Accueillie froidement, la ministre de la justice a rendu hommage vendredi au« statut particulier et singulier » des juges bénévoles des tribunaux de commerce, en soulignant que la réforme avait pour but de « renforcer leur légitimité auprès des autres acteurs judiciaires » et de « croiser les cultures professionnelles ».
Rappelant que l'échevinage en première instance dans les tribunaux de commerce était un engagement de campagne de François Hollande, Mme Taubira a toutefois noté que cette mesure ne figurait pas dans le projet du ministère de l'économie. La mixité des juges dans les tribunaux entraînerait en outre la mobilisation de quelque 300 magistrats professionnels, une mesure jugée trop coûteuse selon elle. « Il y a des contentieux plus complexes qui nécessitent une technicité plus pointue », a-t-elle aussi argué.
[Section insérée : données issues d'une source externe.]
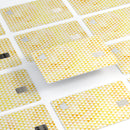 The yellow Grunge Micro Triangles  - Premium Protective Decal Skin-Kit for the Apple Credit Card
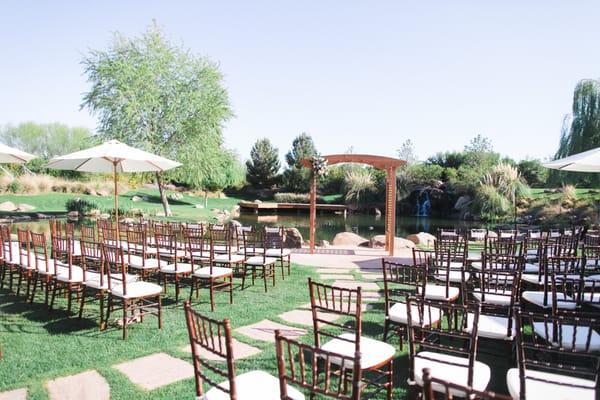 Palm Lake Oasis Wedding.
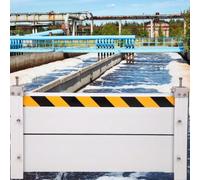 Barreras contra Inundaciones Multiusos AleacióN Aluminio Barrera contra Inundaciones Barrera De ProteccióN contra Inundaciones Reutilizable Muro De ContencióN De Agua,Plata,225 * 40cm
Mais la garde des sceaux avait réservé une surprise dans sa conclusion, suscitant enfin les applaudissements mais aussi des interrogations. « Il y a deux jours de cela, j'ai obtenu du premier ministre que le texte sur la justice commerciale soit sortie du projet de loi croissance et attractivité » d'Emmanuel Macron. La garde des sceaux portera donc elle-même la réforme des tribunaux de commerce dans son projet de loi sur « la Justice du 21e siècle », qui sera présenté début 2015, a précisé son ministère dans un communiqué. Le texte de Mme Taubira mettra en œeuvre un nouveau statut des juges consulaires et des administrateurs et mandataires judiciaires, et créera des juridictions spécialisées pour les affaires les plus importantes.
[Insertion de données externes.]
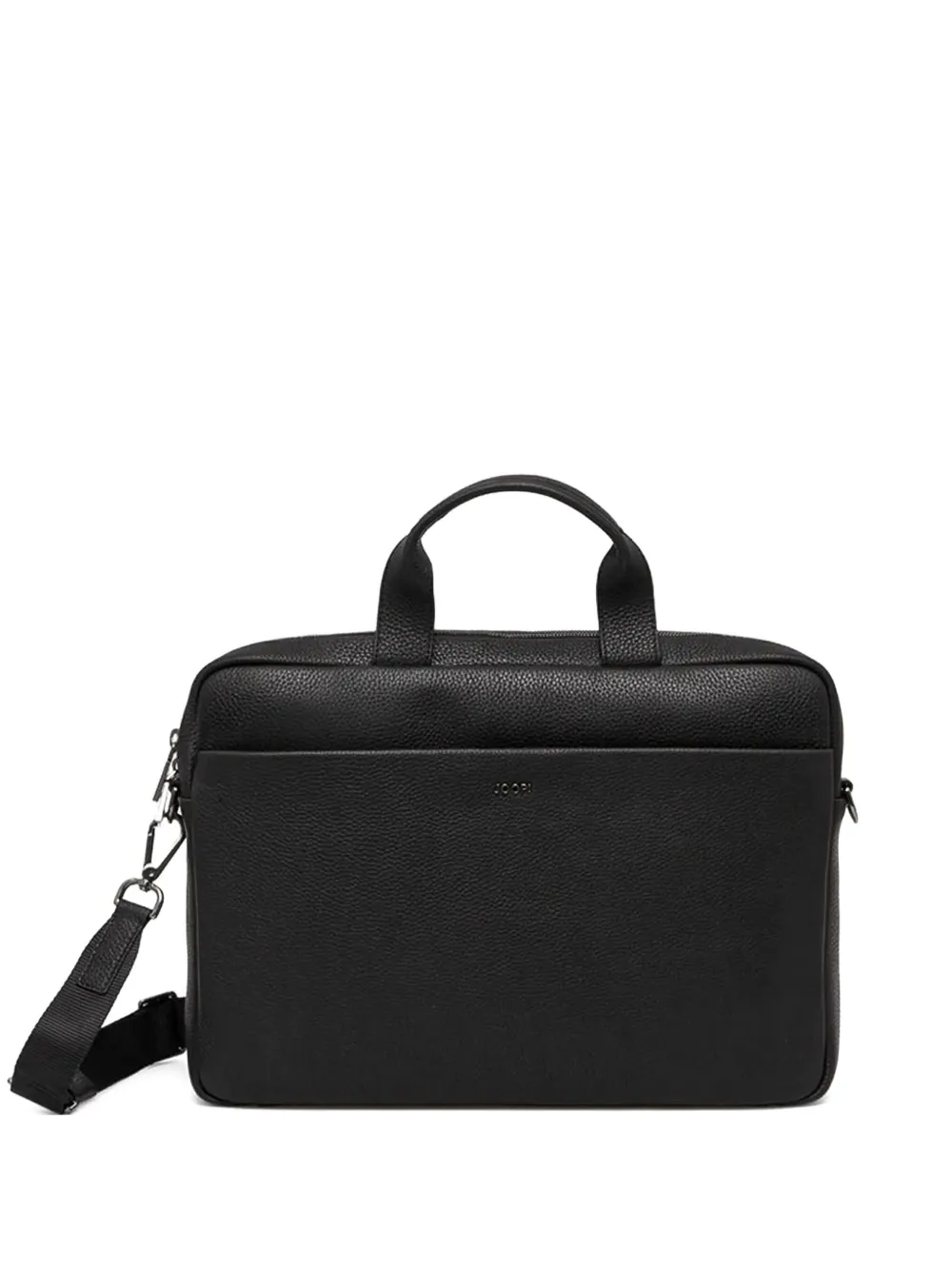 Joop Textured Leather Briefcase In Black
Les juridictions commerciales ont totalisé plus de 67 000 procédures collectives en 2013. Quelque 850 000 salariés étaient concernés, parmi lesquels 300 000 salariés dans le cadre des redressements et liquidations judiciaires et 550 000 salariés au titre des procédures préventives.
De leur côté, les greffiers des tribunaux de commerce ont annoncé qu'ils n'assureront qu'un service minimum jeudi et vendredi prochain et participeront à la journée de mobilisation des professionnels du droit contre le projet de loi Macron, prévue le 10 décembre. Réunis en assemblée générale jeudi, les greffiers ont décidé de mettre en place « un service minimum » dans les greffes les 4 et 5 décembre, dates auxquelles les services en ligne du site infogreffe.frseront également suspendus. Ils participeront à la journée de manifestation des professions du droit le 10 décembre, jour d'examen du projet de loi Macron sur les professions réglementées au conseil des ministres contre lequel ils protestent.
Dans un communiqué, les greffiers estiment notamment que ce projet de loi aura des « effets néfastes » qui se traduiront « par une remise en cause de l'accès au droit, de la sécurité juridique des actes et un dysfonctionnement certain de la justice commerciale ». Ils attirent également l'attention du gouvernement sur « les risques que fait peser le projet de loi sur l'emploi dans les greffes en ce qu'il remet en cause l'équilibre financier des offices ».